Zur Aufrechterhaltung ihrer Arbeitsfähigkeit sei sie deshalb gehalten, an ein bis zwei Tagen in der Woche an ihrem häuslichen Arbeitsplatz zu arbeiten, wie sie dies in den Streitjahren auch praktiziert habe. Damit sei die vom BFH als maßgeblich erachtete Schwelle der Unzumutbarkeit nach der Überzeugung des FG überschritten.

Keine Revision eingelegt

Obwohl das FG die Revision nach § 115 Abs. 2 Nr. 1 FGO zugelassen hat, wurde diese von dem Finanzamt nicht eingelegt. Es ist daher zu vermuten, dass die Finanzverwaltung die Auffassung des FG Berlin-Brandenburg teilt. In vergleichbaren Fällen können sich Betroffene zwar auf das Urteil des FG berufen, es besteht jedoch kein Anspruch auf eine ähnliche positive Entscheidung.
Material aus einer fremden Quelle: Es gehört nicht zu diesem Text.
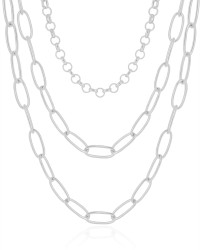 Gargantilha Tripla Elos Ovais e Portugueses Ródio Branco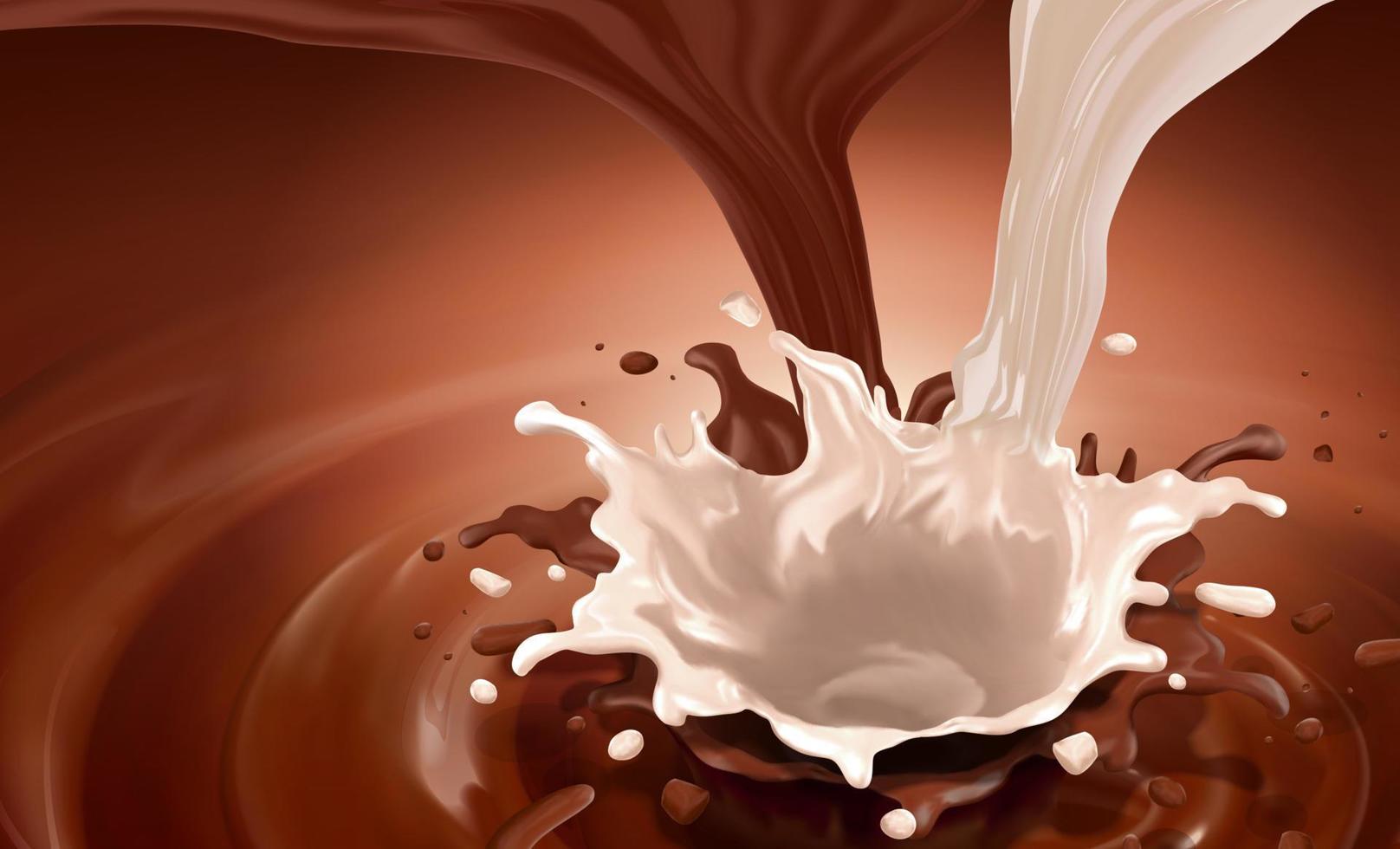 Salsa de salpicaduras de chocolate con leche en ilustración 3d sobre fondo marrón vector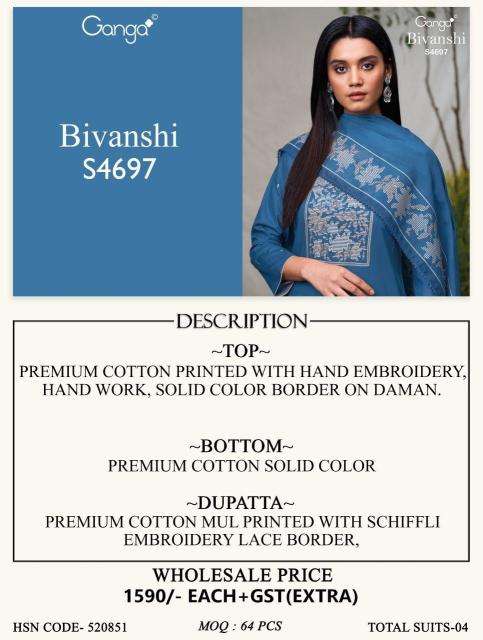 Ganga bivanshi 4697 surat dress material wholesale market address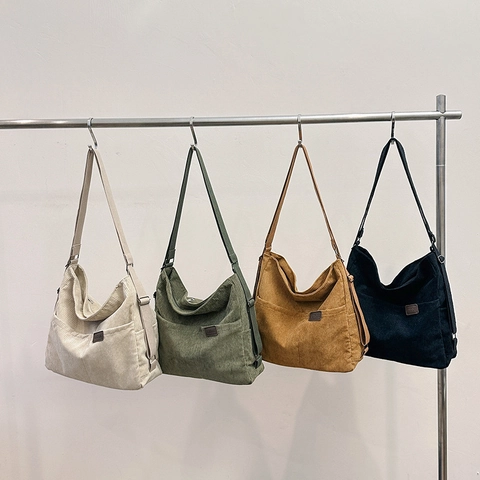 Damen Cord Einkaufstasche Große Kapazität Japanischer Minimalismus Einfarbig Umhängetasche Schule Student Handtasche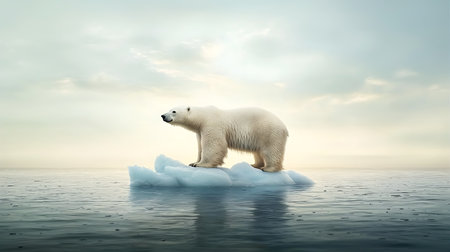 Polar bear (Ursus maritimus) on the ice floe. 3d illustrationの写真素材
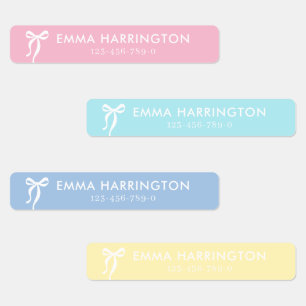 Plain Pastel Colors Bow Kids Name and Contacts Labels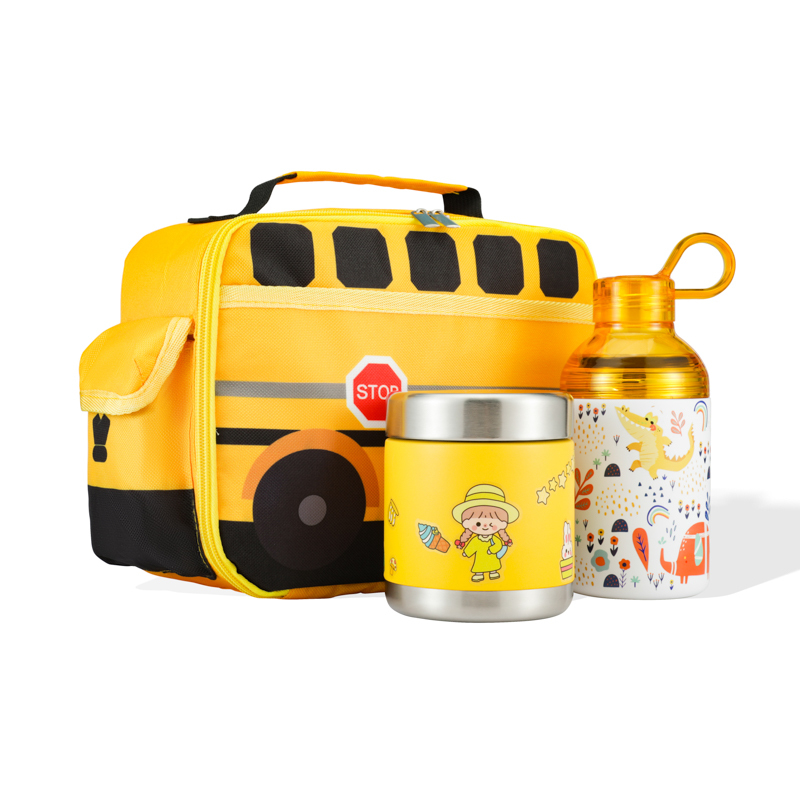 OEM Food Container Water Bottle Lunch Bag Custom Logo Double Wall 304 Stainless Steel Insulated Thermos Vaccum Food Jar Set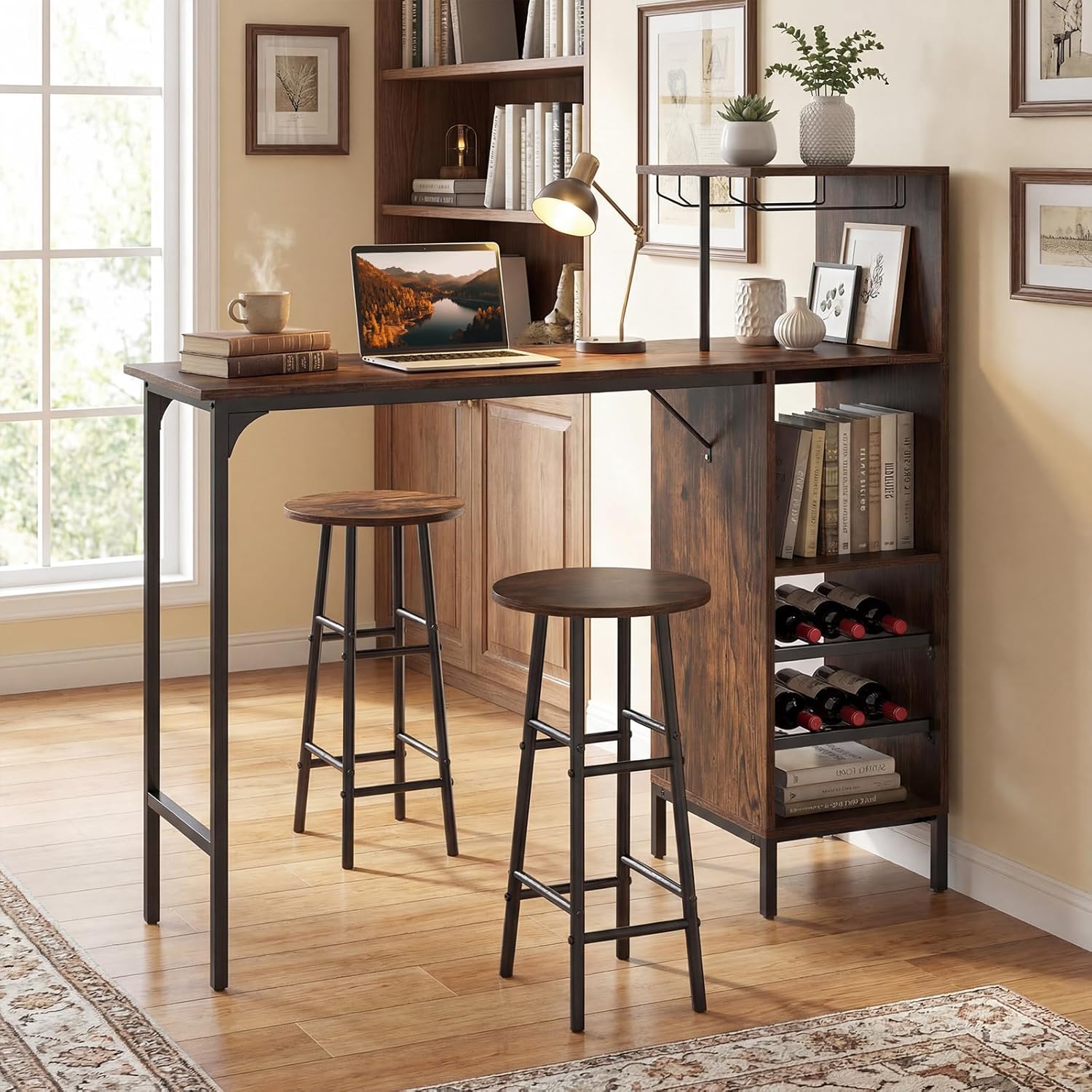 COSTWAY 3 Pieces Bar Table and Chair Set, Industrial Pub Table & Stools with Wine Glass Holders & 6-Bottle Wine Racks, Counter Height Dining Table Set for Living Room Dining Room Kitchen (Coffee)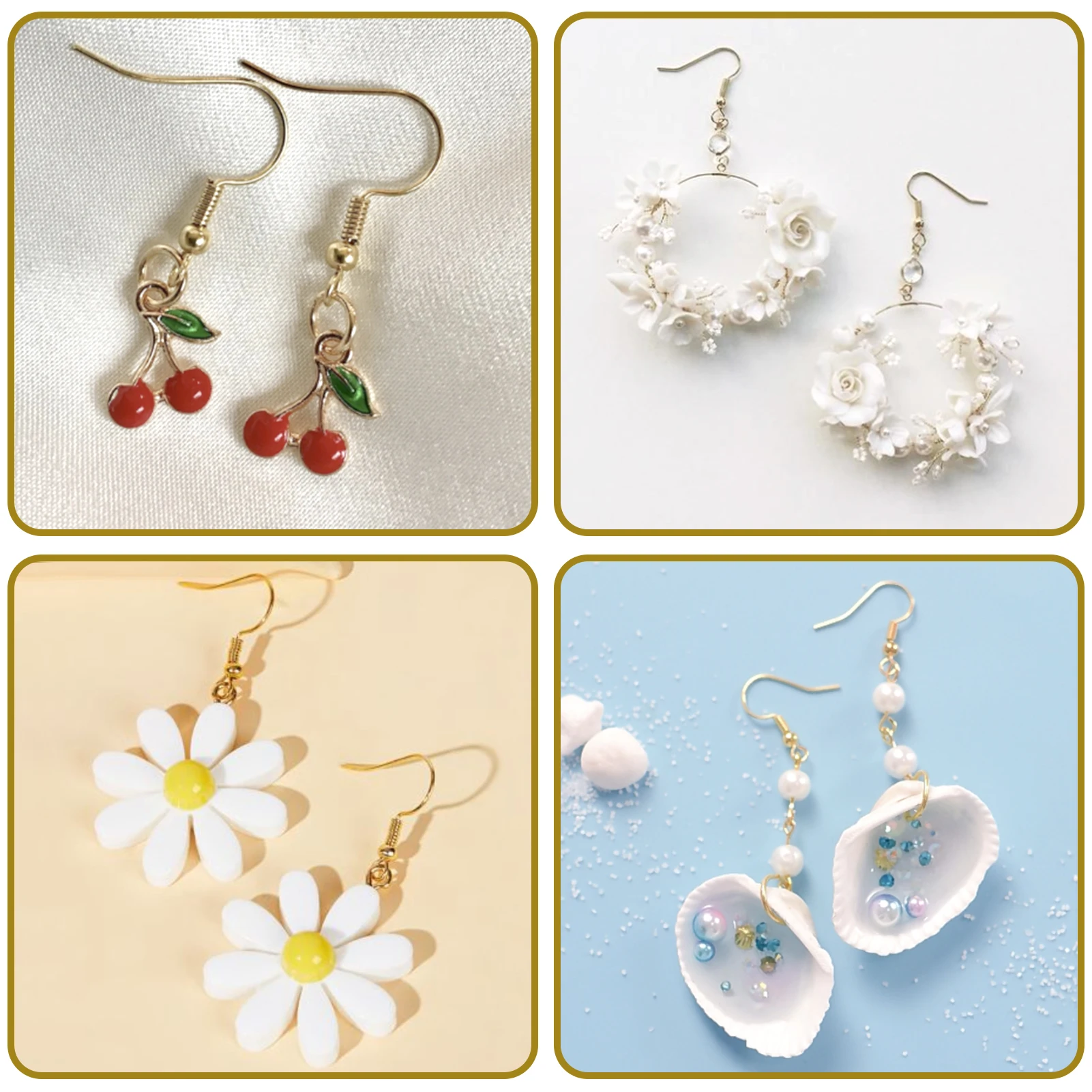

Earring Making Supplies Kit, Earring Hooks Open Jump Rings Earring Backs Head Eye Pins Tweezers Pliers, Perfect for Necklace Ear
Hinweis der Redaktion: Rechtslage ab 1.1.2023

Durch das Jahressteuergesetz 2022 geltenv für nach dem 31.12.2022 in der häuslichen Wohnung ausgeübte Tätigkeiten Änderungen:

Bildet das häusliche Arbeitszimmer den Mittelpunkt der gesamten betrieblichen und beruflichen Tätigkeit, können die Aufwendungen weiterhin in voller Höhe abgezogen werden. Die Aufwendungen sind in auch dann abziehbar, wenn ein anderer Arbeitsplatz zur Verfügung steht. Anstelle des Abzugs der tatsächlichen Aufwendungen ist ein pauschaler Abzug in Höhe von 1.260 EUR möglich (§ 4 Abs. 5 Satz 1 Nr. 6b EStG). Wenn das häusliche Arbeitszimmer nicht den Mittelpunkt der gesamten betrieblichen und beruflichen Tätigkeit bildet, kommt ein Abzug der Aufwendungen nur über die Homeoffice-Pauschale (§ 4 Abs. 5 Satz 1 Nr. 6c EStG) in Betracht.